The flow diagram summarizes the study selection processes, and each stage for the studies included in this review (see for details the PRISMA flow diagram in Figure 1) [26]. In total, 11 documents were included in our systematic review. Table 1 shows the studies excluded and the reasons after the application of the quality appraisal filter.

Figure 1

PRISMA flow diagram adapted with permission from the PRISMA group, 2020.

Table 1

Potential studies excluded.

Reason for Exclusion	Authors
RCTs that specifically address treatment rather than prevention of DPN	Farvid et al., 2011 [27]Song et al., 2011 [28]Rizzo et al., 2012 [29]Lavery et al., 2012 [30]Mueller et al., 2013 [31]Ulbrecht et al., 2014 [32]Dixit et al., 2016 [33]Ziegler et al., 2016 [34]Sharoni et al., 2018 [35]Venkataraman et al., 2019 [36]López-Moral et al., 2019 [37]Stubbs et al., 2019 [38]Ahmad et al., 2019 [39]Shu et al., 2019 [40]Sari et al., 2020 [41]
Cohort studies not from RCTs	Müller-Stich et al., 2013 [42]Hur et al., 2013 [43]Cho et al., 2014 [44]Ishibashi et al., 2018 [45]O’Brien et al., 2018 [46]Yang et al., 2020 [47]Cárdenas et al., 2019 [48]
Cohort studies that do not specifically address the prevention of DPN, but from RCTs	Aroda et al., 2016 [49]
	Gaede et al., 2016 [50]
	Abraham et al., 2018 [51]
	Braffett et al., 2020 [52]

3.1. Risk of Biases among the Studies Included

Figure 2 and Figure 3 show the risk of biases of the study included in this systematic review.

Figure 2

Risk of biases of included studies, overall analysis.

Figure 3

Risk of biases of the included studies [15,53,54,55,56,57,58,59,60,61,62], individual analysis. Green: low risk, yellow: unclear risk, red: high risk.

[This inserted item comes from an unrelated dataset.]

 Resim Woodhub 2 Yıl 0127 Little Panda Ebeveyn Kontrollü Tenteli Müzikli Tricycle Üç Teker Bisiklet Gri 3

Allocation concealment and random sequence generation was evident in 100% of the studies. Blinding of participants and staff was present in less than 25%, and blinding of assessors was present in less than 50% of the included articles. Due to the nature of some included studies, such as cohort studies, 25% of the included studies were considered to be at high risk of other biases.

The levels of evidence evaluated according to the quality of the selected articles received a score of 1++ in 9.2% (n = 1) [53] qualifying it as high quality, 27.3% of the studies received a score of 1+ or medium quality (n = 3) [54,55,56], and the rest of the articles were scored as low quality, 1−, representing 63.5% (n = 7) [15,57,58,59,60,61,62].

3.2. Statistical Analysis of the Quality of the Included Studies

Detailed assessment ICC is summarized in Table 2. Table 3 summarizes the scores of the quality scales of the studies included in this review. The limitations of the review are summarized in Table 4.

Table 2

Intraclass correlation coefficient. Evaluation of agreement between continuous measurements.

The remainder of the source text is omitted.